L'enquête sur le cartel de la drogue se poursuit et de nouvelles arrestations ont été effectuées à Tétouan. Les recherches se sont étendues aux villes de Tanger et Al Hoceima pour incriminer d'autres narcotrafiquants et des fonctionnaires de l'Etat. Mounir Erramach a révélé qu'il avait déjà été arrêté en août 2002 et qu'il avait réussi à "acheter" sa liberté pour deux milliards de centimes.
Les enquêteurs persévèrent et les arrestations se poursuivent de manière systématique.
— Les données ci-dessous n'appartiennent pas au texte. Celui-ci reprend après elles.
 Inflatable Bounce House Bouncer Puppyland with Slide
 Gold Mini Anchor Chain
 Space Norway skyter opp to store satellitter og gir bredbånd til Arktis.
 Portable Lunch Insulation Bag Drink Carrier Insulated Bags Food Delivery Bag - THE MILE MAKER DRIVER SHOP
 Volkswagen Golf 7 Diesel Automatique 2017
Le nombre des individus interpellés ou mis sous mandat de dépôt ne cesse de grimper et la liste avancée par le ministre de la Justice, mardi 26 août, s'est déjà enrichie d'une bonne dizaine d'individus. Mohamed Bouzoubaâ avait prévenu lors d'un point de presse : "l'enquête est toujours en cours pour démasquer d'autres personnes ayant joué un rôle dans cette affaire", augurant que les recherches n'étaient pas closes, que d'autres poursuites seraient bientôt engagées par la justice marocaine.
Les arrestations se poursuivent
Les recherches concernent aussi des magistrats qui ont été impliqués dans les événements de Tétouan. Une enquête menée au sein de la Cour d'appel de cette ville a permis de remonter jusqu'à la maison particulière de l'un des magistrats où une somme importante d'argent a été découverte.
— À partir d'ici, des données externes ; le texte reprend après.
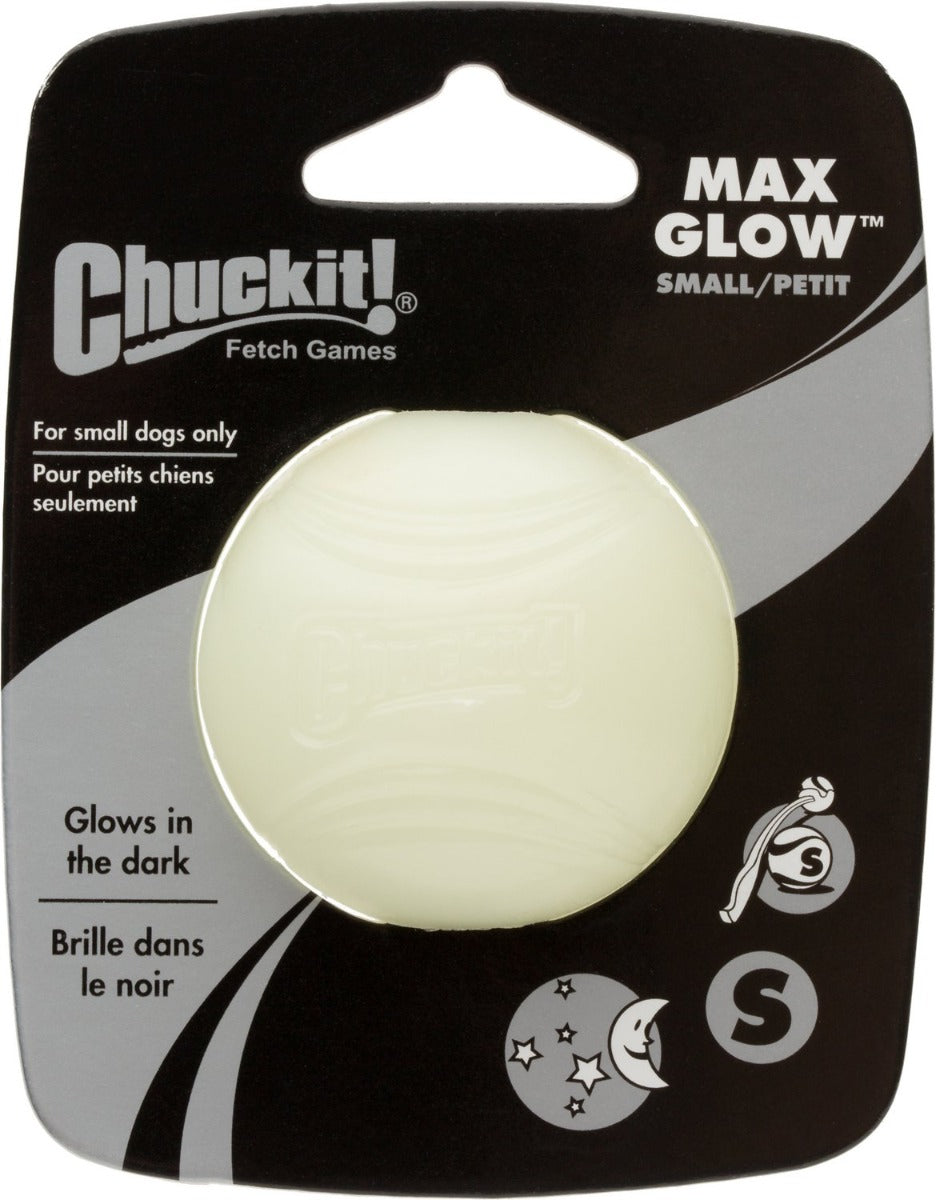 Pelota "Max Glow" Chuckit! Reflectante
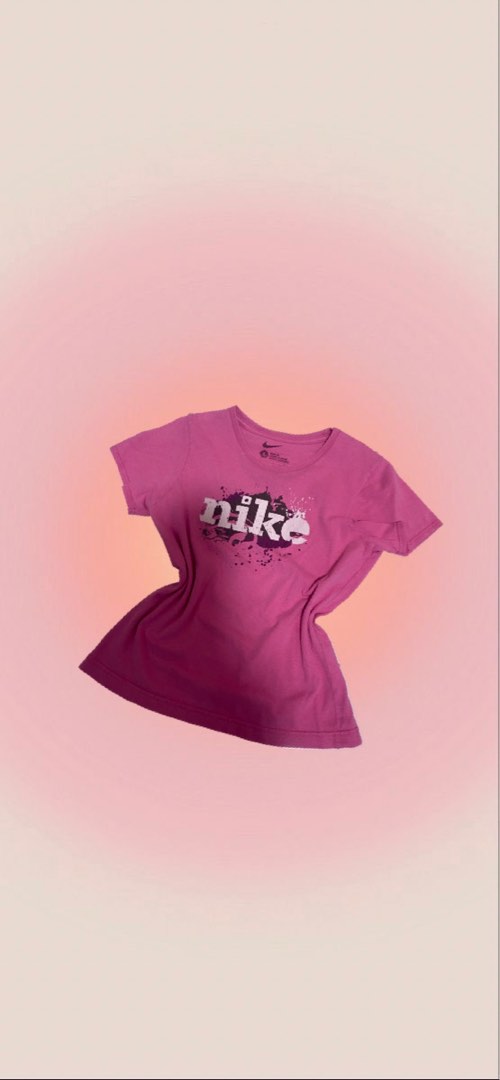 Baby pink deals nike shirt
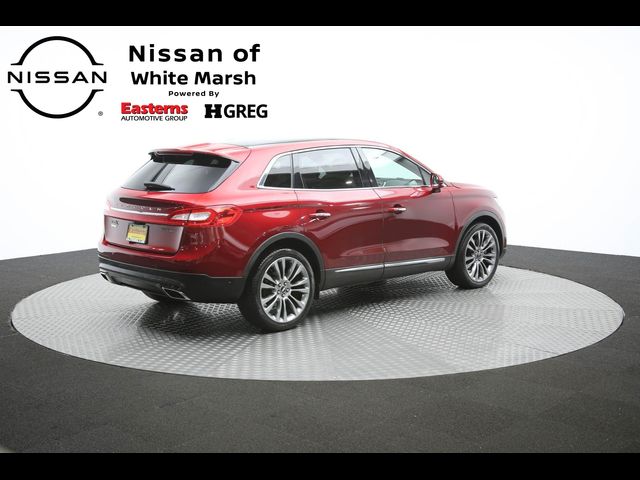 2017 Lincoln MKX Reserve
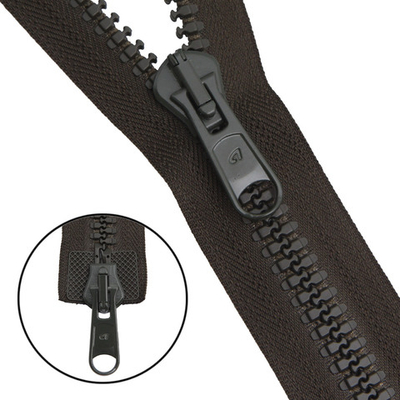 Молния трактор Arta Т8 (8 мм) 2 зам., разъем., 75 см, цв. 175 т.хаки, уп.5 шт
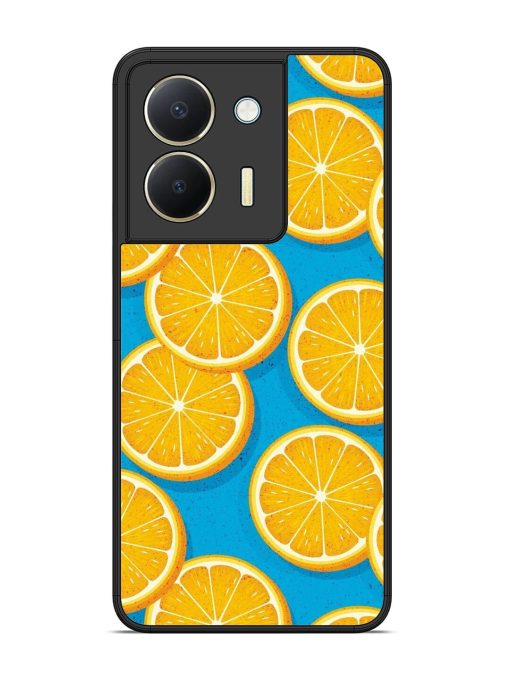 Citrus Symphony Glossy Soft Edge Case for Vivo Y36 Chachhi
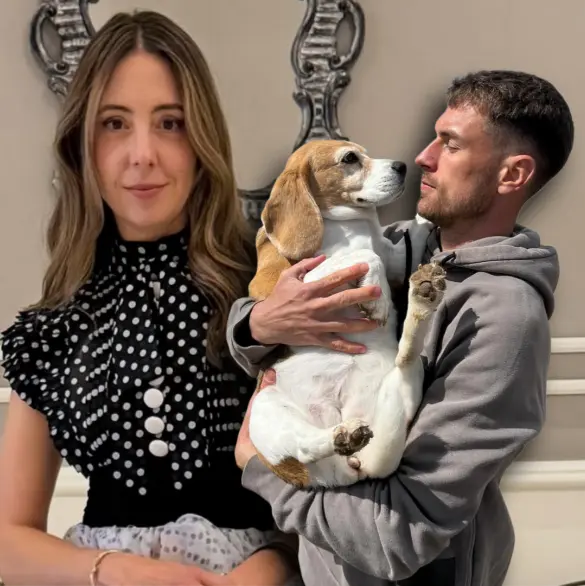 Señalan a Sofía Niño de Rivera por extravío de mascota de Aaron Ramsey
Mais ce n'était que l'arbre qui cachait la forêt. Ils sont cinq, arrêtés aujourd'hui par la police, à avoir trempé dans la connexion. Parmi eux figurent les principaux hauts fonctionnaires de la Justice locale : (voir liste page suivante) Triste bilan pour Tétouan : la moitié des magistrats de sa Cour d'appel a été épinglée cet été. Dans l'affaire, la complicité de la Justice a permis de couvrir les activités des narcotrafiquants en organisant de faux procès et en faisant bénéficier les prévenus de réduction de peine ou carrément de liberté. Ces magistrats corrompus ont été soit mutés, soit suspendus, soit traduits en justice.
On apprend au même moment qu'un haut personnage des Forces Armées a été placé sous mandat de dépôt pour son éventuelle implication dans le trafic de la drogue. A M'diq, plusieurs éléments de la gendarmerie ont été convoqués pour un interrogatoire qualifié par les autorités de routinier. Cet interrogatoire portait sur les activités du port, considéré comme l'un des points de sortie du trafiquant Erramach, d'autres questions ont porté sur le responsable hiérarchique de M'diq arrêté dès les premiers jours de l'enquête.
Les dossiers de 1996
On ne s'étonne pas par conséquent que la Justice ait décidé de revenir sur les vieux dossiers de l'assainissement raté de 1996. Notamment ceux qui avaient bénéficié d'un verdict d'acquittement. Ainsi, selon des sources concordantes, la semaine dernière a vu l'interpellation de nouveaux fonctionnaires de l'Etat qui avaient occupé des postes importants entre 1994 et 2003 au sein des tribunaux de Tétouan, de la Sûreté nationale ou de la Gendarmerie.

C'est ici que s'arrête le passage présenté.